Reentrant Synchronization – Concurrency: Part I

Reentrant Synchronization

While a thread is inside a synchronized method of an object, all other threads that wish to execute this synchronized method or any other synchronized method of the object will have to wait in the entry set. This restriction does not apply to the thread that already has the lock and is executing a synchronized method of the object. Such a thread can invoke, directly or indirectly, other synchronized methods of the object without being blocked—that is, once a thread has a lock on an object, it can acquire the lock on the same object several times, called reentrant synchronization. The non-synchronized methods of the object can always be called at any time by any thread.

Examples of reentrant synchronization can be found in §23.4, p. 1460.

Synchronization on Class Lock

Static methods synchronize on the class lock. Acquiring and releasing a class lock by a thread in order to execute a static synchronized method is analogous to that of an object lock for a synchronized instance method. A thread acquires the class lock before it can proceed with the execution of any static synchronized method in the class, blocking other threads wishing to execute any static synchronized methods in the same class.

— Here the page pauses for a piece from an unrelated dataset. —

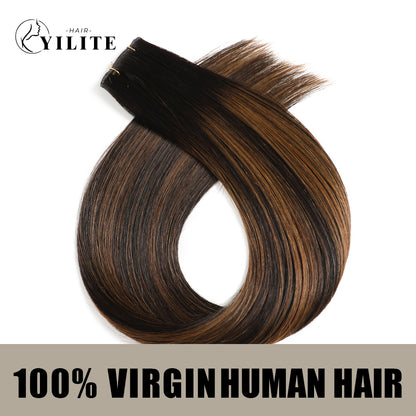 Realmhair virgin human hair genius weft (#P1B/6/T1B£©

The blocked threads wait in the entry set of the class lock. This does not apply to static, non-synchronized methods, which can be invoked by any thread. A thread acquiring the lock of a class to execute a static synchronized method has no effect on any thread acquiring the lock on any object of the class to execute a synchronized instance method. In other words, synchronization of static methods in a class is independent from the synchronization of instance methods on objects of the class.

A subclass decides whether the new definition of an inherited synchronized method will remain synchronized in the subclass.